Prompt: Reproduce the records below in their entirety, character for character.

Raw data:
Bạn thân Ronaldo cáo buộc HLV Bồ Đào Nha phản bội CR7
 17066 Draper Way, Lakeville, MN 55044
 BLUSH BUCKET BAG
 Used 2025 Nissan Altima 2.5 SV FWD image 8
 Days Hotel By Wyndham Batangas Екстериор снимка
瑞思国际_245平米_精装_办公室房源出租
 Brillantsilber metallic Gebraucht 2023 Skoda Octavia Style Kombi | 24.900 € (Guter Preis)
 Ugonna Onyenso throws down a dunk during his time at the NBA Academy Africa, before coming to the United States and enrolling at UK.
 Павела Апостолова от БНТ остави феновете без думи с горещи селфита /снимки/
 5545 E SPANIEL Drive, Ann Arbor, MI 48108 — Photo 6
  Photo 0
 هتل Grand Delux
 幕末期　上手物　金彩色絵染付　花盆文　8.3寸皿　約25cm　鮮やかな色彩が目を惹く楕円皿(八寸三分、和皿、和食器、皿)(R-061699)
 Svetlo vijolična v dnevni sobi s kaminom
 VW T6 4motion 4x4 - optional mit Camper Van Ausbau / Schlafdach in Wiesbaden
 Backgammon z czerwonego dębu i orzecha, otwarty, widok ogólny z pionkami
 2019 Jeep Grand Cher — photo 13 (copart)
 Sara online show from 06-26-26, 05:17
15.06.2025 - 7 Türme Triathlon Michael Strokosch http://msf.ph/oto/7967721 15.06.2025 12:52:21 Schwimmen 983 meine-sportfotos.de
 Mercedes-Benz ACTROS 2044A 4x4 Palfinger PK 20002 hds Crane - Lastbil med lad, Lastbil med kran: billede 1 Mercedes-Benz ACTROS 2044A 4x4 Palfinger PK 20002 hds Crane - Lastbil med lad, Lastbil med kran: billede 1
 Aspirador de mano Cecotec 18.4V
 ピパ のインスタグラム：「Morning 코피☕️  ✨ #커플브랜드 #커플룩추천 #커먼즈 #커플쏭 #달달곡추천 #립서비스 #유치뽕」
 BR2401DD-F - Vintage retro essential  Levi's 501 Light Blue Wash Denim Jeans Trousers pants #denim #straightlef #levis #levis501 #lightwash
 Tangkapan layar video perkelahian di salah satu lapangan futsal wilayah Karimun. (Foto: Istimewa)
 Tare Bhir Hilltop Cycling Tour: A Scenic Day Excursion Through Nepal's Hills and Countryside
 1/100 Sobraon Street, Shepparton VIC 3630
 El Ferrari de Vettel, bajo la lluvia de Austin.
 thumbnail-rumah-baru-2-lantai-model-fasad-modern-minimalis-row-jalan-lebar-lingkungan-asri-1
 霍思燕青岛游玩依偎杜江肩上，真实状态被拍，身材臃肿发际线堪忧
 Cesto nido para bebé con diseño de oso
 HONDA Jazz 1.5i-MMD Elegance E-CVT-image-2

The completed task:
Bạn thân Ronaldo cáo buộc HLV Bồ Đào Nha phản bội CR7
 17066 Draper Way, Lakeville, MN 55044
 BLUSH BUCKET BAG
 Used 2025 Nissan Altima 2.5 SV FWD image 8
 Days Hotel By Wyndham Batangas Екстериор снимка
瑞思国际_245平米_精装_办公室房源出租
 Brillantsilber metallic Gebraucht 2023 Skoda Octavia Style Kombi | 24.900 € (Guter Preis)
 Ugonna Onyenso throws down a dunk during his time at the NBA Academy Africa, before coming to the United States and enrolling at UK.
 Павела Апостолова от БНТ остави феновете без думи с горещи селфита /снимки/
 5545 E SPANIEL Drive, Ann Arbor, MI 48108 — Photo 6
  Photo 0
 هتل Grand Delux
 幕末期　上手物　金彩色絵染付　花盆文　8.3寸皿　約25cm　鮮やかな色彩が目を惹く楕円皿(八寸三分、和皿、和食器、皿)(R-061699)
 Svetlo vijolična v dnevni sobi s kaminom
 VW T6 4motion 4x4 - optional mit Camper Van Ausbau / Schlafdach in Wiesbaden
 Backgammon z czerwonego dębu i orzecha, otwarty, widok ogólny z pionkami
 2019 Jeep Grand Cher — photo 13 (copart)
 Sara online show from 06-26-26, 05:17
15.06.2025 - 7 Türme Triathlon Michael Strokosch http://msf.ph/oto/7967721 15.06.2025 12:52:21 Schwimmen 983 meine-sportfotos.de
 Mercedes-Benz ACTROS 2044A 4x4 Palfinger PK 20002 hds Crane - Lastbil med lad, Lastbil med kran: billede 1 Mercedes-Benz ACTROS 2044A 4x4 Palfinger PK 20002 hds Crane - Lastbil med lad, Lastbil med kran: billede 1
 Aspirador de mano Cecotec 18.4V
 ピパ のインスタグラム：「Morning 코피☕️  ✨ #커플브랜드 #커플룩추천 #커먼즈 #커플쏭 #달달곡추천 #립서비스 #유치뽕」
 BR2401DD-F - Vintage retro essential  Levi's 501 Light Blue Wash Denim Jeans Trousers pants #denim #straightlef #levis #levis501 #lightwash
 Tangkapan layar video perkelahian di salah satu lapangan futsal wilayah Karimun. (Foto: Istimewa)
 Tare Bhir Hilltop Cycling Tour: A Scenic Day Excursion Through Nepal's Hills and Countryside
 1/100 Sobraon Street, Shepparton VIC 3630
 El Ferrari de Vettel, bajo la lluvia de Austin.
 thumbnail-rumah-baru-2-lantai-model-fasad-modern-minimalis-row-jalan-lebar-lingkungan-asri-1
 霍思燕青岛游玩依偎杜江肩上，真实状态被拍，身材臃肿发际线堪忧
 Cesto nido para bebé con diseño de oso
 HONDA Jazz 1.5i-MMD Elegance E-CVT-image-2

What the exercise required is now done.